他调出省厅内网公告编辑界面,标题打了四个字:《情况说明》。正文很简单:
“近日有关‘某干部涉嫌违规操作旧改项目’的信息在网络传播,经初步核查,相关举报材料系伪造流程、嫁祸公职人员所用。目前已有证据表明,存在外部人员冒用内部系统权限进行恶意上传行为。我单位已向纪检监察部门正式报案,并配合开展调查。后续进展将依法依规公布。”
落款:省住房和城乡建设厅办公室
时间:2025年6月18日 中午12:25
点击发布。
公告瞬间推送到全省住建系统内网首页,所有登录用户强制弹窗提示。不到十分钟,微信群里就开始炸锅。有熟人私聊他:“老顾,这回真要干大的?”他没回。也有不熟的转发朋友圈配文:“看来有人要栽了。”他也只是看了一眼,关掉手机。
他知道,这一波不是反击,是亮剑。
让所有人都看清楚,谁才是猎物,谁才是猎人。
南城区枫林路18号小区3栋502室,房门被踹开的时候,李伟正在卫生间刷牙。泡沫还没吐干净,两个穿便衣的男人就把他按在墙上,搜身、戴手铐、拍照取证,整个过程不到五分钟。

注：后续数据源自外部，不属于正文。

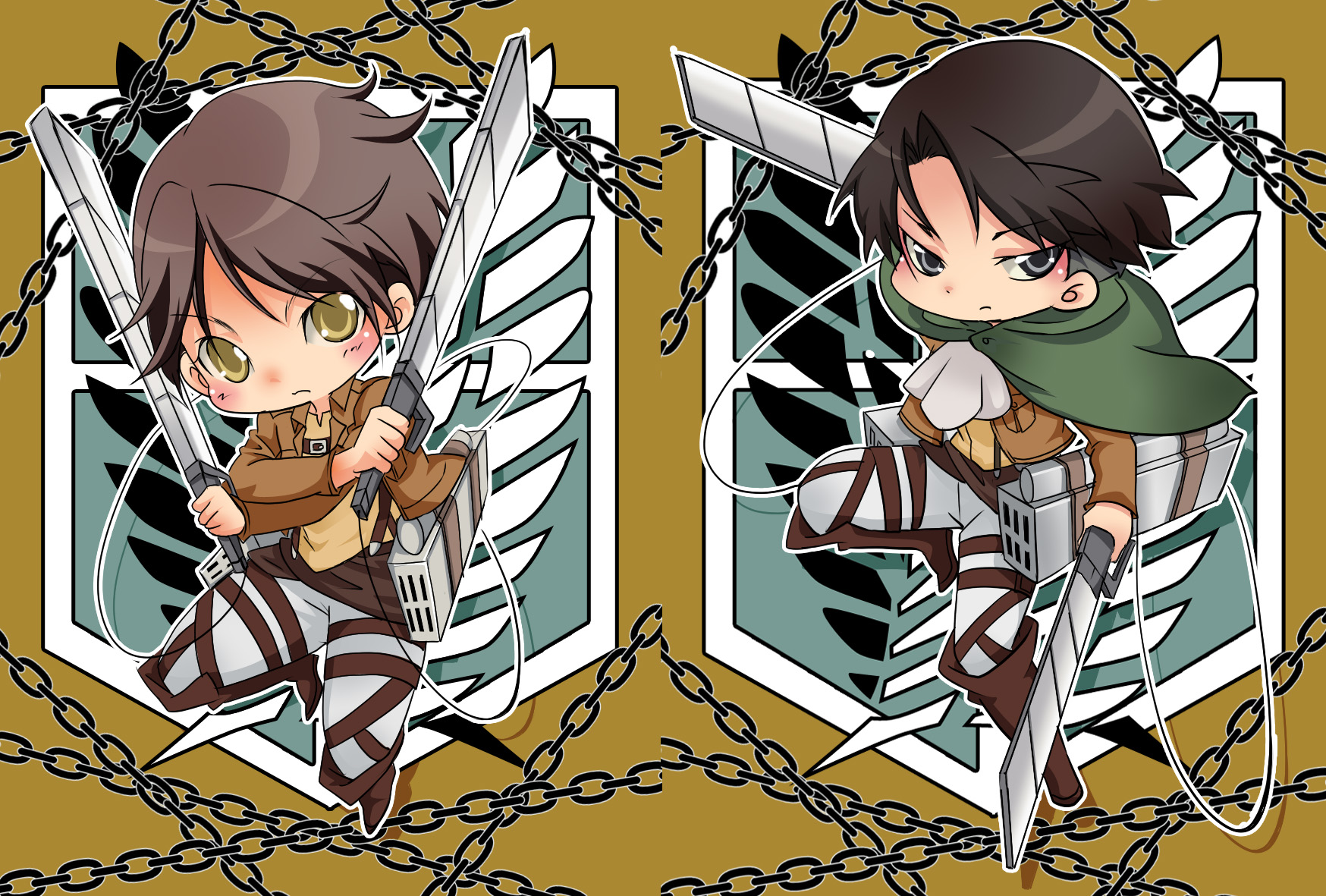 attack on titan chibiWallpapers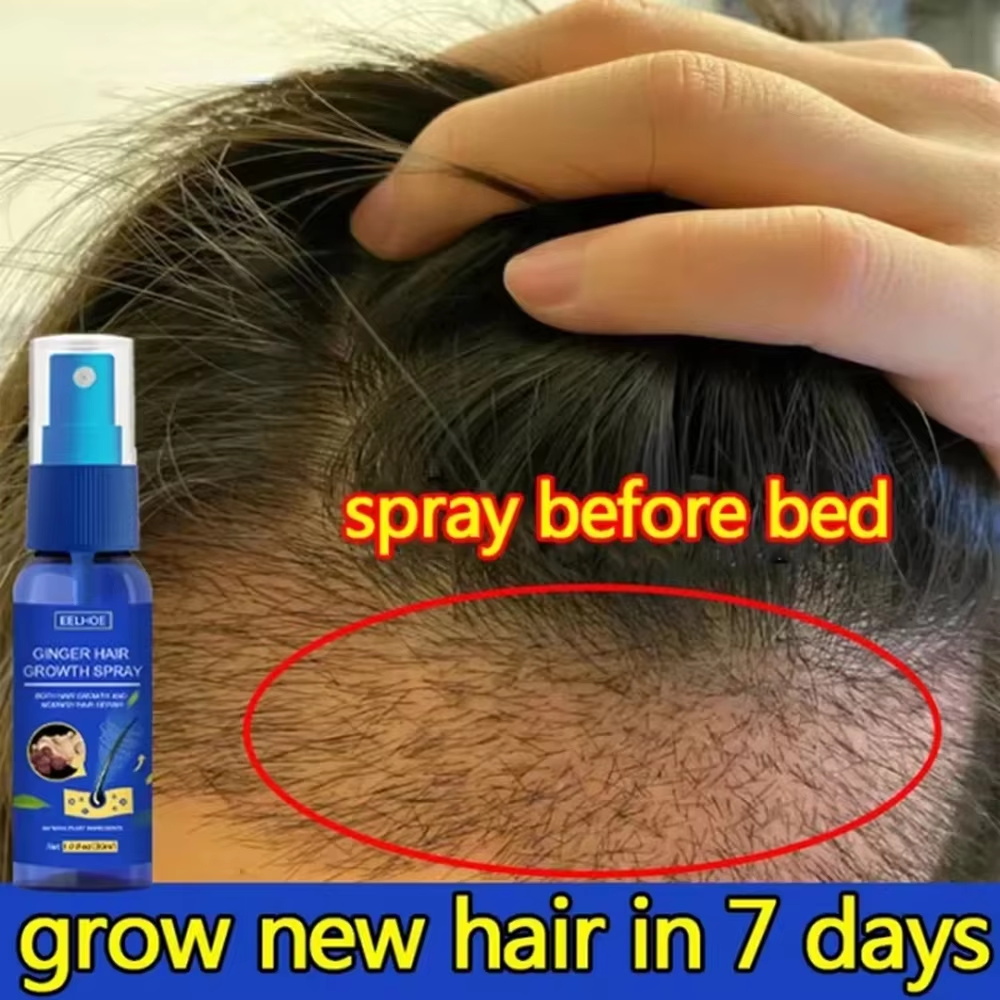 Growth Factor Serum - Semprotan Penumbuh Rambut Jahe Cepat, Serum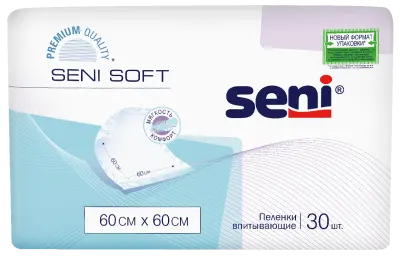 Пеленки BELLA гигиенические SENI по 30 шт 60*60 soft 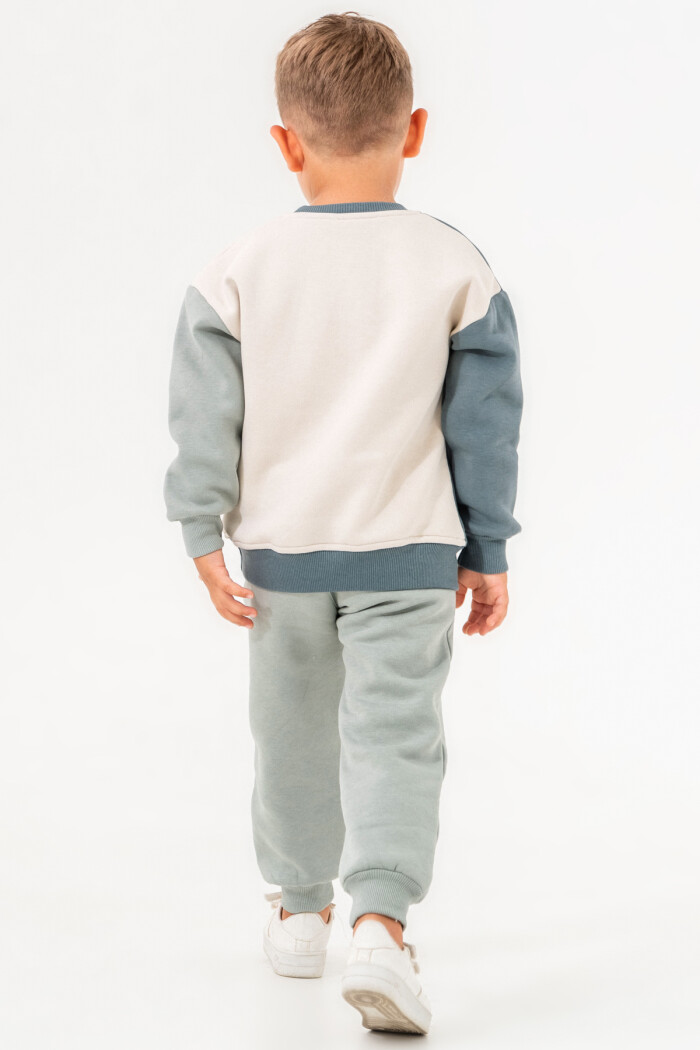 Yeşil Block Full Baskılı 1-5 Yaş Takım - 3521-4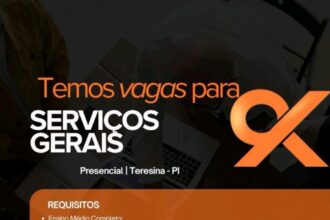 Vaga de emprego para Serviços Gerais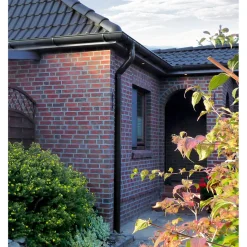 Dachrinne RG 100 Kunststoff halbrund 2m anthrazit ^ Marley Sale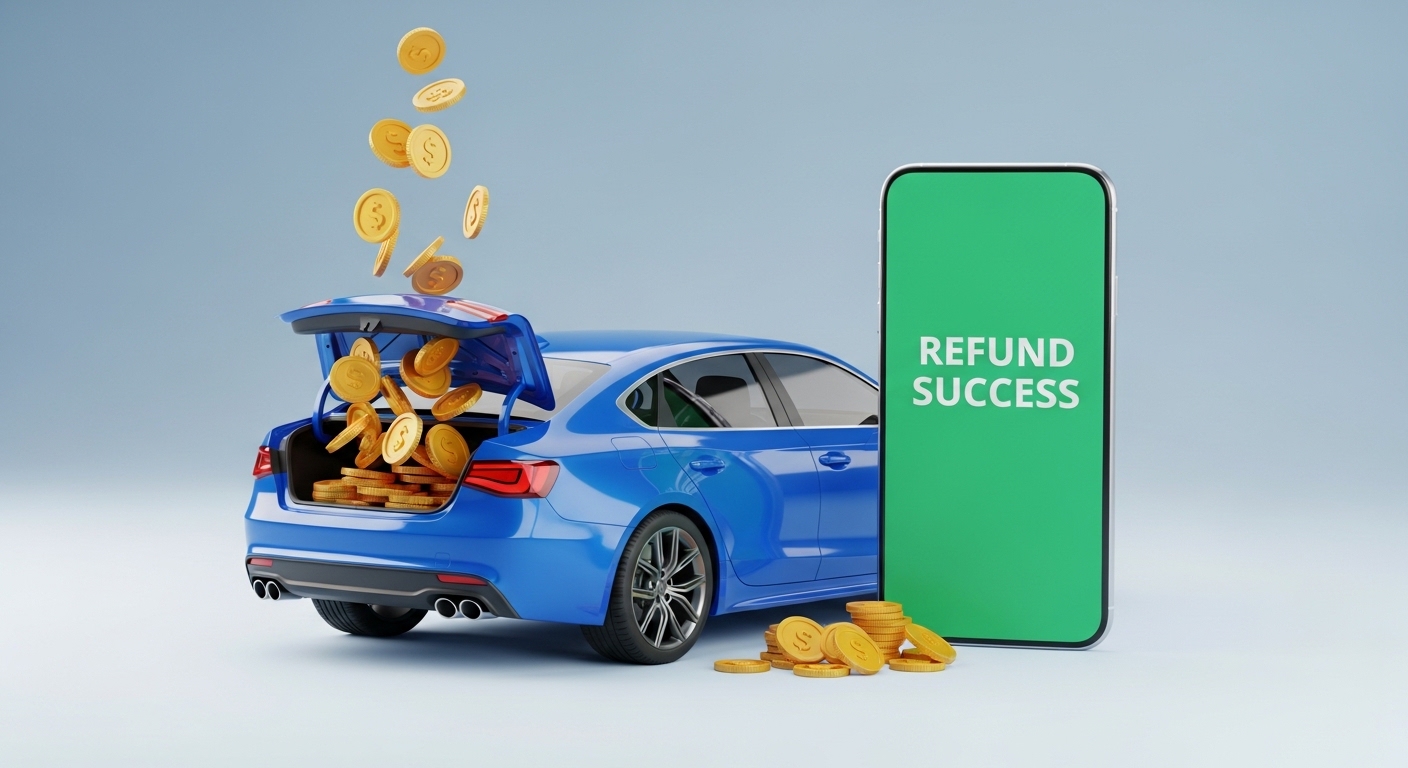 자동차환급금금얼마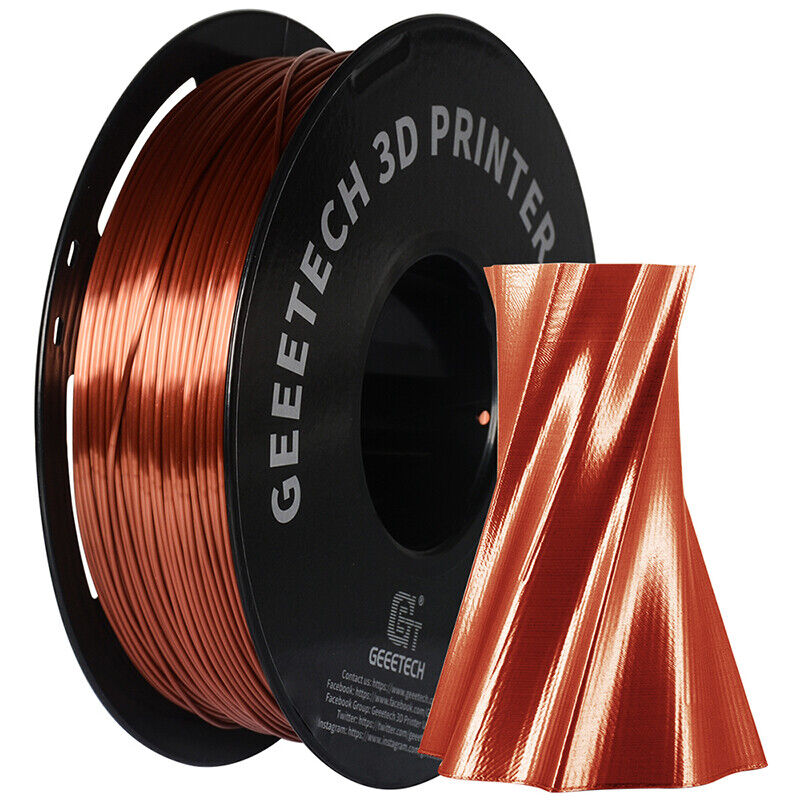 GEEETECH 3D Printer Filament Silk/Two-color/Tricolor Change PLA 1.75mm 1KG/Roll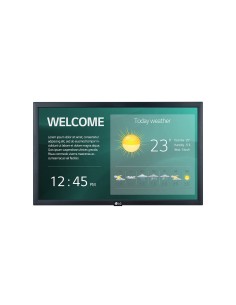LG 22SM3G-B Pannello piatto per segnaletica digitale 54,6 cm (21.5") Wi-Fi 250 cd m² UHD+ Nero 16 7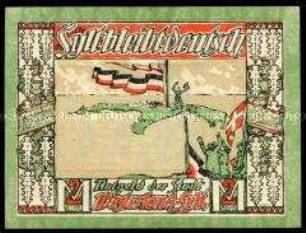 Westerland, Notgeld 2 Mark (Serienschein)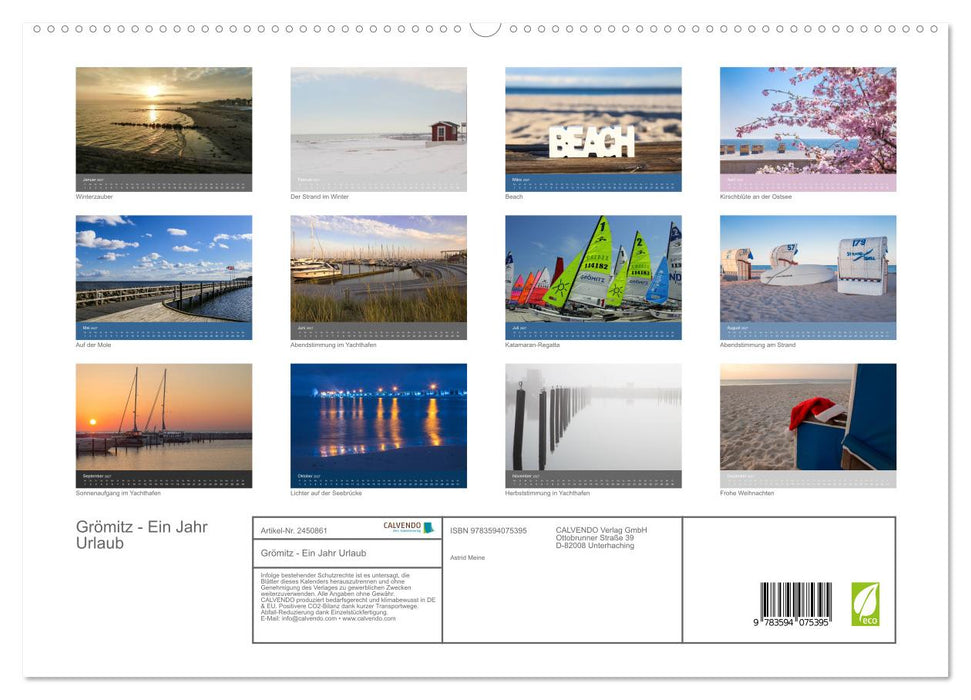 Grömitz - Ein Jahr Urlaub (CALVENDO Premium Wandkalender 2027)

周临川站在客厅中央,目光扫过茶几上的笔记本电脑、充电器、几张未拆封的SIM卡。他没急着动,而是掏出随身带的证物袋,先把电脑电源线拔下来装好,再把主机盖打开,检查硬盘槽位。
“原装硬盘没了。”他对身边警员说,“找备用存储设备。”
十分钟后,在卧室衣柜顶上的鞋盒里,找到了一块移动硬盘。接入读取设备后,果然存有同一份“毒饵文档”的副本,还有三段录音,内容全是秦霜助理打电话指挥他怎么删帖、换账号、引导舆论方向。
“够了。”周临川合上笔记本,“人带走,东西全封。”
押送车上,李伟终于开口:“我就是拿钱办事,不知道会这么严重……”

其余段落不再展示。